Review of All For Love

7 / 10

The Lowdown



Lars von Trier regular Jean-Marc Barr puts the good looks that earned him a place in Empire's 100 sexiest movie stars of 1995 to use in this BBC adaptation of Robert Louis Stevenson's 'St. Ives', a novel that was unfinished upon his death and completed by Arthur Quiller-Couch. Franco-American Barr plays Cpt Jacques de Keroual de Saint-Yves, the smooth Napoleonic Hussar officer who makes the mistake of insulting a ranking Paris Guard, and finds himself drawing pistols at dawn. After putting the poor chap out of his misery, the rest of the Guard hilariously come out of the woodwork, and Jacques finds himself facing several revenge-fuelled duels. He cunningly manages to dodge these by insulting his superior (an interesting use for lobster) and getting demoted, but as an example, he's pushed down through the ranks to a Private in the infantry. And of course, he then gets captured by the British. It's here he meets Redcoat Major Farquhar Chevening (Richard E. Grant), an uneasy, stiff-lipped Brit who requests lessons in l'amour from his "Frenchie" friend.

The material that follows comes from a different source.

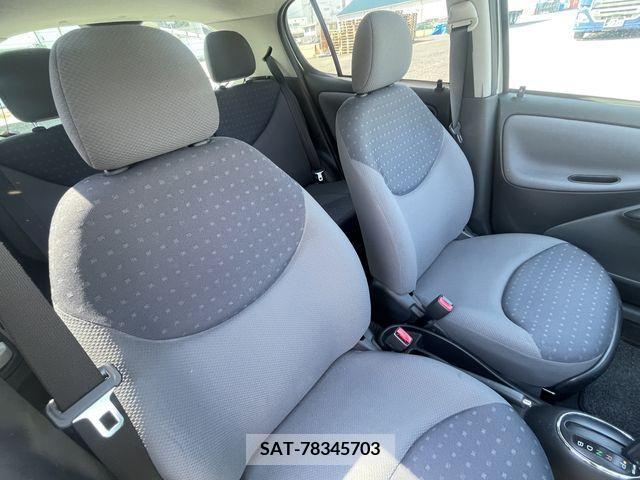 Toyota VITZ 2003-04 218133-7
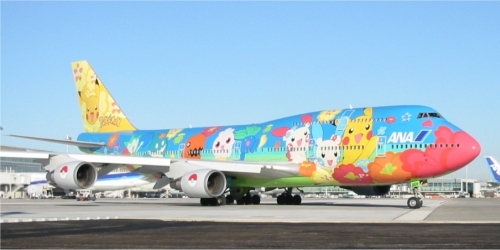 過去の扉写真集(ANA/B747－400Dポケモンジェット「お花ジャンボ」)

In what probably wasn't a cliché when Stevenson penned it, it turns out wise-cracking Jacques has designs on the same girl, and his situation is made all the more complicated, not to mention watchable, by the arrival of his estranged family, most of whom he thought dead.


Inline Image



Sum it up, s'il vous plait?



We've been presented with a DVD+R, and so the technical specifications will bear little relation to the final retail authoring, and the extras only run to a small text biography on author Robert Louis Stevenson, filmographies for the cast and a picture gallery, but it's a nice little piece which is thankfully infused with enough comedy to offset the rather laid-back, small-scale approach to period drama. The performances are suitably accomplished from a host of British stars of the big and small screen and the script is surprisingly robust, excelling at both the comedic and dramatic in a film which could easily have failed at both. While the lack of authenticity in the accents may grow to be a bugbear, not least because it makes it difficult at first glance to figure out who's who and what side they're on, if you can overlook this, you'll find a swashbuckling comedy romance that's short on the actual swashbuckling, but has enough of the latter in fine form. And it features full-frontal male nudity. From the BBC. Whatever next?